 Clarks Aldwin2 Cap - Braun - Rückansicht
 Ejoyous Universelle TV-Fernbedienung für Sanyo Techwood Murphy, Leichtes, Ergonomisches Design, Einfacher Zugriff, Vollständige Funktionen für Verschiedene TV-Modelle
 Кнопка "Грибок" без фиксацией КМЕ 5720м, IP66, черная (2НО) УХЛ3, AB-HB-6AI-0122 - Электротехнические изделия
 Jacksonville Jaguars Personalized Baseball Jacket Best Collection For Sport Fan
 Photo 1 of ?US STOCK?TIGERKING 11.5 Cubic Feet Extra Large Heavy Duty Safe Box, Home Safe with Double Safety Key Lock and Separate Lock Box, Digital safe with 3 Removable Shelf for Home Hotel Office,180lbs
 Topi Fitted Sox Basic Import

----

__TASK ITEM__:
From the line holding "- Электротехнические изделия" to the final line of the data, repeat every line exactly. Leave out all the rest.

__SOLUTION FOR THIS PROBLEM__:
 Кнопка "Грибок" без фиксацией КМЕ 5720м, IP66, черная (2НО) УХЛ3, AB-HB-6AI-0122 - Электротехнические изделия
 Jacksonville Jaguars Personalized Baseball Jacket Best Collection For Sport Fan
 Photo 1 of ?US STOCK?TIGERKING 11.5 Cubic Feet Extra Large Heavy Duty Safe Box, Home Safe with Double Safety Key Lock and Separate Lock Box, Digital safe with 3 Removable Shelf for Home Hotel Office,180lbs
 Topi Fitted Sox Basic Import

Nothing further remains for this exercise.